Food in the United States travels an average of 1,300 miles from the farm to your plate. When you eat locally grown food, you are eliminating the energy used during transport. Also, fresh produce = better tasting produce.
The campus community garden is located in White Field. There are 44 plots and over 70 individuals and departments that work the 44 plots in the garden. We garden to improve the quality of life for campus participants by providing space to grow fresh healthy produce while promoting an atmosphere of community development and sharing.
In addition to the members of the University community who are participating this year to grow fresh fruits and vegetables for their families, Notre Dame Food Service’s staff has some great plantings coming up for this summer.
At Moreau Seminary, Chef Ralph Pieniazkiewicz, CEC, actively designs menus for the residents and guests of the Seminary based on what is ready to pick at the time.

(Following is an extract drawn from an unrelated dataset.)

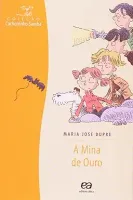 A MINA DE OURO (PRODUTO USADO - MUITO BOM)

Notre Dame Food Services shares in a very large space in the garden. This area has again increased in size from last year. Under the passionate guide of Chef Don Miller, CEC, CCE, AAC, we have planted 85 tomato plants. We expect to yield over 1,000 pounds of these fresh tomatoes this year. You will want to taste these delicious, locally grown heirloom tomatoes in one of our operations in a few weeks when they are ripe and at the peak of flavor. Try these at Legends of Notre Dame Restaurant and Alehouse Pub in our fresh salads or unique specials. Taste them in Catering by Design’s summer feature Heirloom Tomato Salad served in Phyllo Cup. Visit Greenfields where you can treat yourself to these in our nutritionally based menus. Or, just have some from one of our salad bars in Decio Commons or Café DeGrasta. Additionally we are growing forty foot rows of baby romaine, arugula, lettuce, cantaloupe, radishes, beans, parsley, and basil.

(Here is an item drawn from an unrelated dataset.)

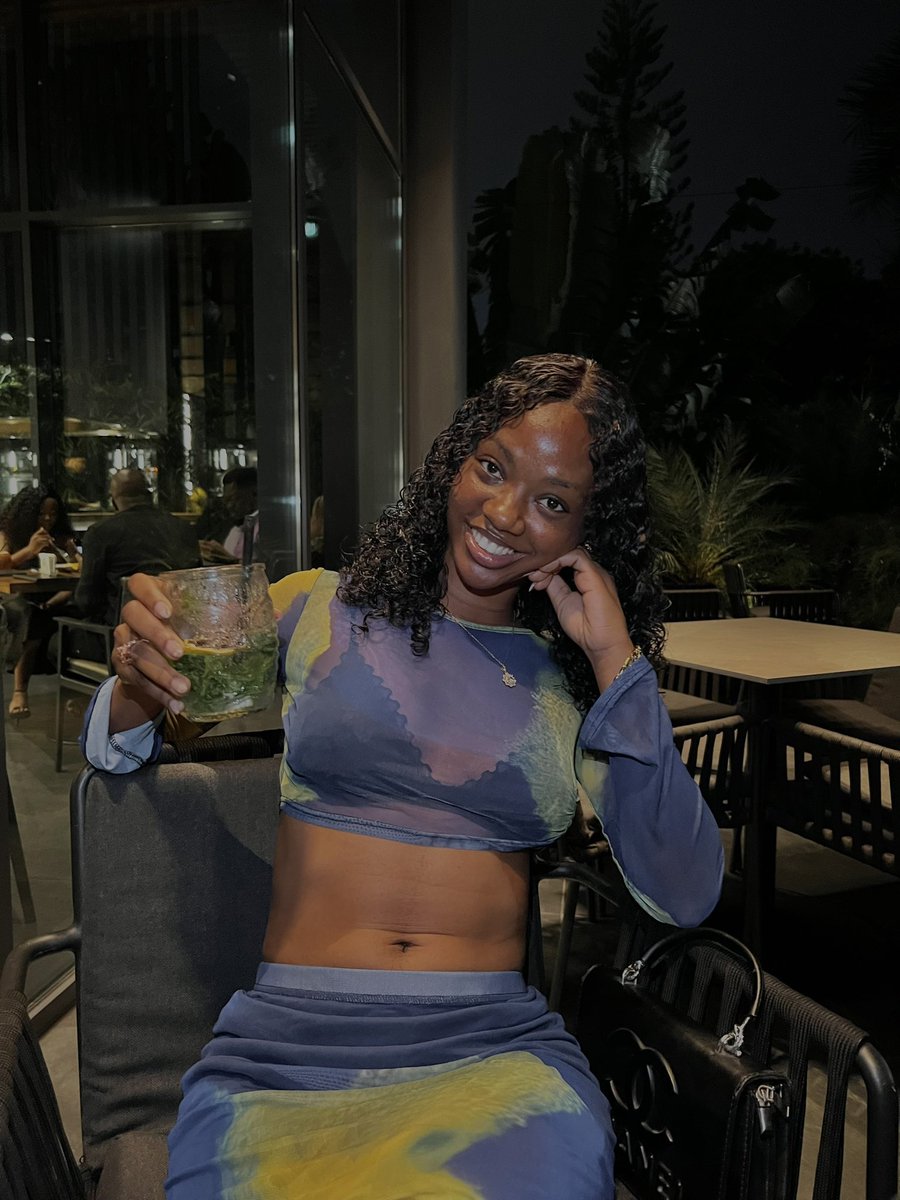 But Enny isn’t bad o, why will the guy lef am like that??😂😂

Like our Michigan neighbors, this year’s early warm season followed by heavy frosts has taken its toll on our strawberry patch. We hope to treat campus to a few of these delicious berries, but we will not see a substantial crop. Our hope is to be brimming with strawberries in future years. Our garden crops are completely planted and now it is just a matter of nurturing, watering, pruning, weeding, and harvesting.